The former chair of President Obama’s Council of Economic Advisors, Christina Romer, spoke to a crowd of about 60 people, mostly economics and business students, in the Watkins Room late Tuesday afternoon, as part of an address titled, “Does Fiscal Policy Work?”
Romer joined a pantheon of other outstanding economists like Nobel-prize winners Paul Krugman, Wassily Leontief, and Amartya K. Sen in being chosen as the 32nd speaker of the Marsh and McLennan American Enterprise series.
Each year, the sponsored event brings a distinguished economist to campus for the purpose of speaking on a contemporary issue. Romer presented the findings of the year-long study she completed with her husband, fellow economist David Romer for Tuesday afternoon’s lecture.

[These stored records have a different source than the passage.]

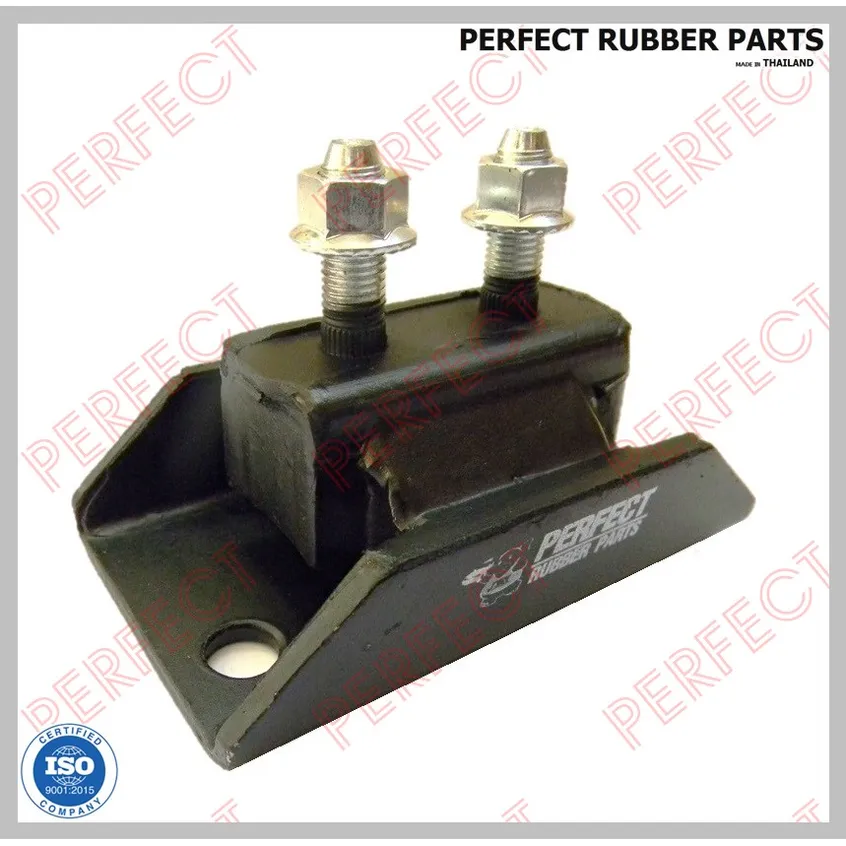 Подушка двигателя задняя PERFECT FO02RANGER4WB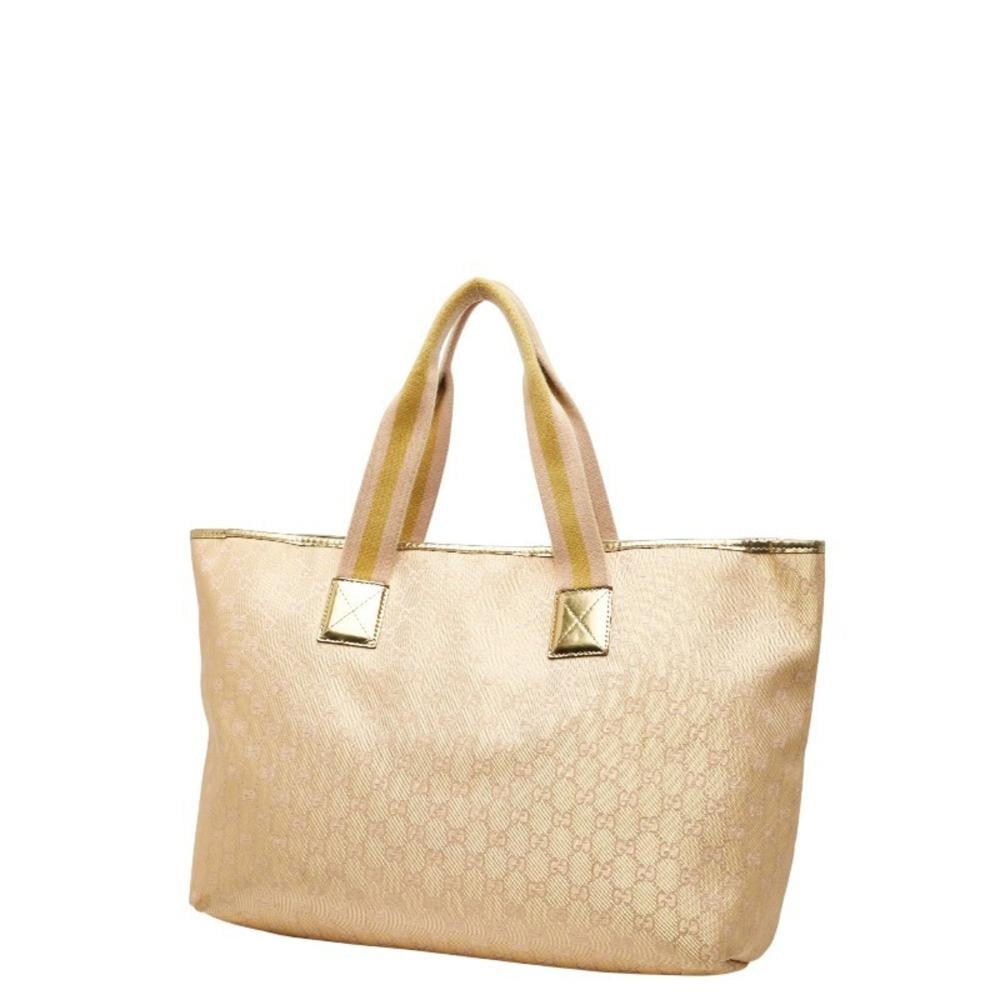 Gucci Tote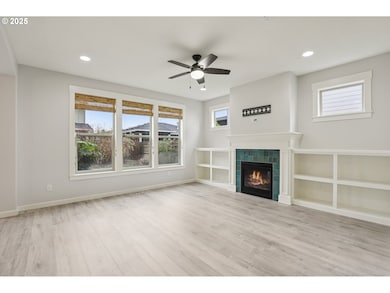 12606 NE 106th Cir, Vancouver, WA 98682 - photo 5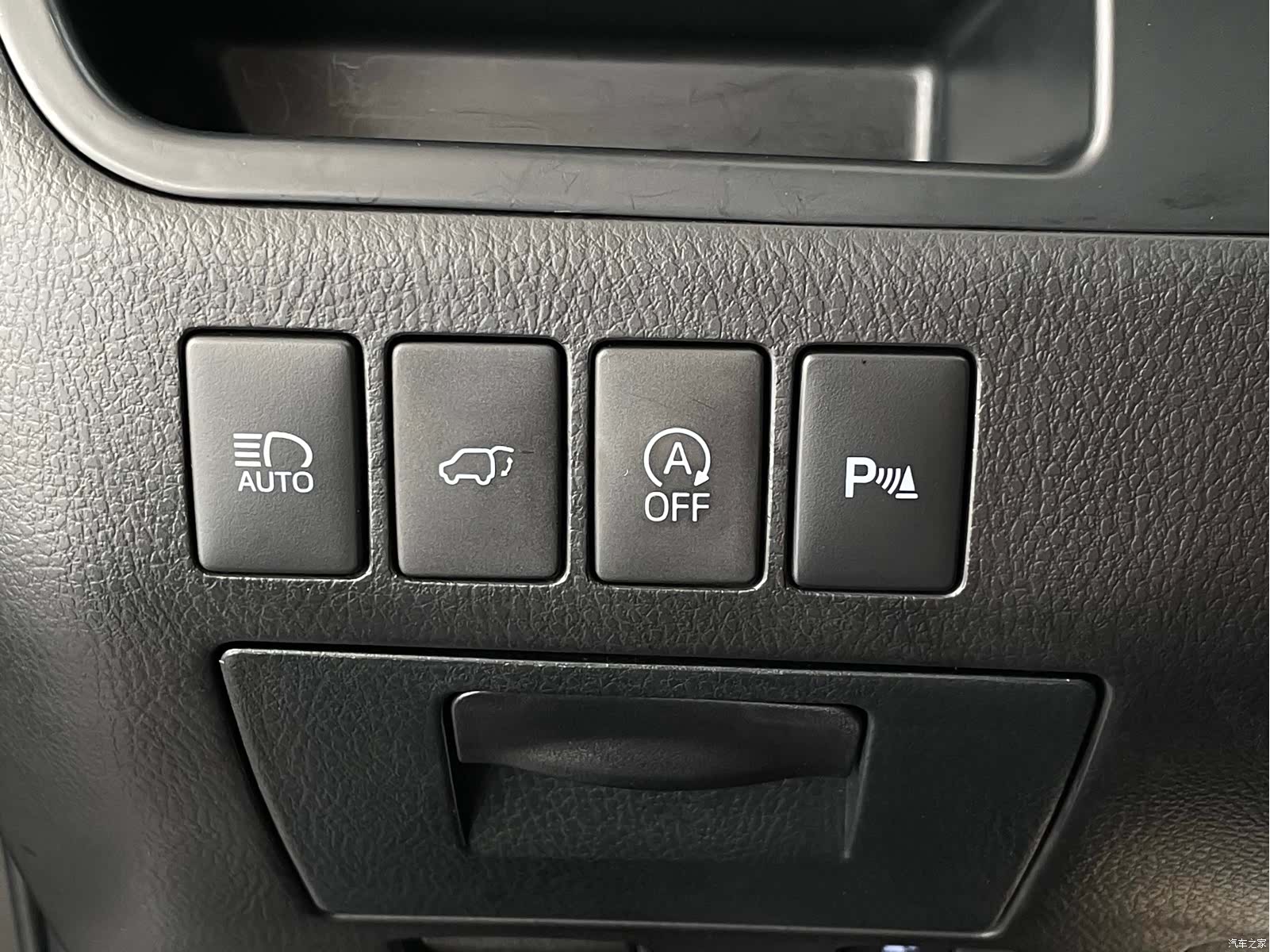 Toyota Highlander, 2021 24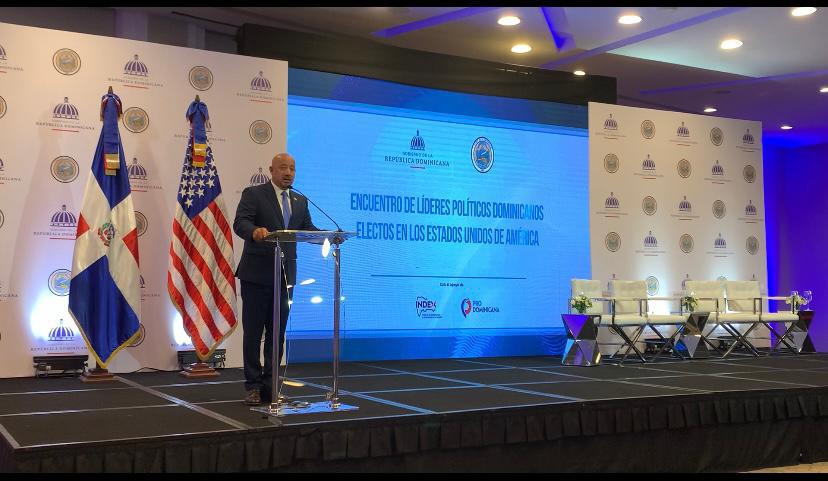 873a6786-43e3-4fdb-9273-5a3661ae2b14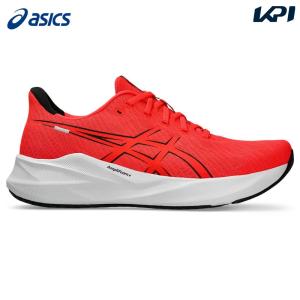 ASICS（アシックス） （メンズ）ランニング トレーニングシューズ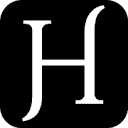 Neurochip logo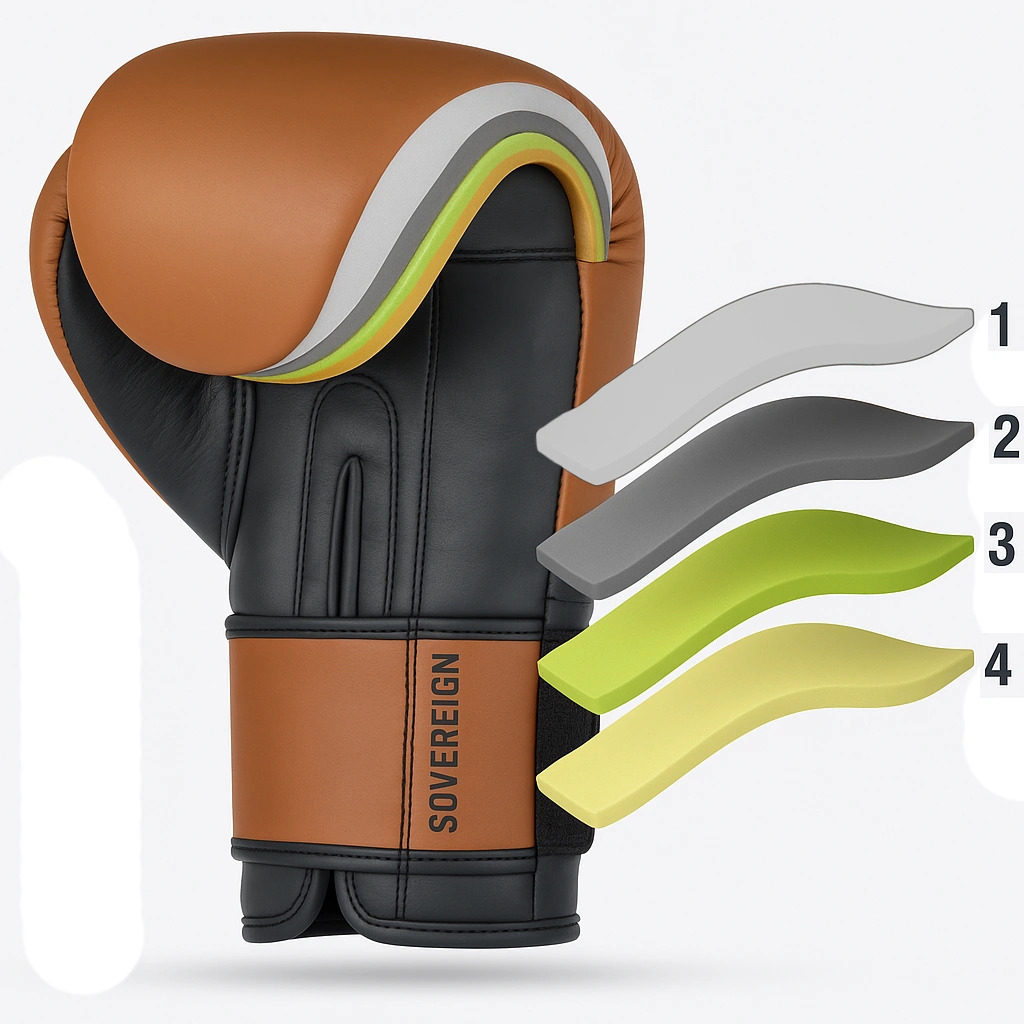 AnyConv.com__Warstwowe_wypelnienie_SOVEREIGN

Their study compared the effects of two kinds of tax cuts to draw conclusions about the effectiveness of fiscal policies. They compared cuts made specifically to combat economic recession with “exogenous” tax cuts, made outside of a specific plan for economic recovery. The hypothesis was that their results would show recession-specific policy prescriptions to have positive effects on the economy, measured by variables like employment and GDP growth.
A graph titled “The Effects of Tax Changes on Cyclically Adjusted Revenues” quantified the results of the Romer and Romer study.
The former Obama administration chair shared with the audience the personal moment that occurred when an entire year and about 5,000 pages’ worth of data culminated in this graph, adding one of many comical moments that punctuated a lecture dense with economic evidence.
“Our children roll their eyes when they think about that Saturday morning”, she chuckled, “ two middle-aged parents jumping up and down in front of the computer shouting, ‘It worked! It worked!’”
Most simply, the parent team’s findings supported the idea that “fiscal policy matters” through their examination of specific tax cuts. Romer incorporated the research findings of her peers on the effectiveness of various other fiscal policy tools like tax rebates and stimulus to local and state government to substantiate the conclusion of her own study.
By the lecture’s end, Romer had given copious evidence to support her insistence that a more “monumental” stimulus than 2009’s Recovery and Reinvestment Act, which her economic advisors had a major role in writing and shaping, was still needed.
The weight of Romer’s evidence, however, was left as something to ultimately be determined by the jury of her student audience, whose important role in the question of fiscal policy became clear as the lecture drifted towards economic predictions for 2035 that admittedly, “scare the life out of even some experts!”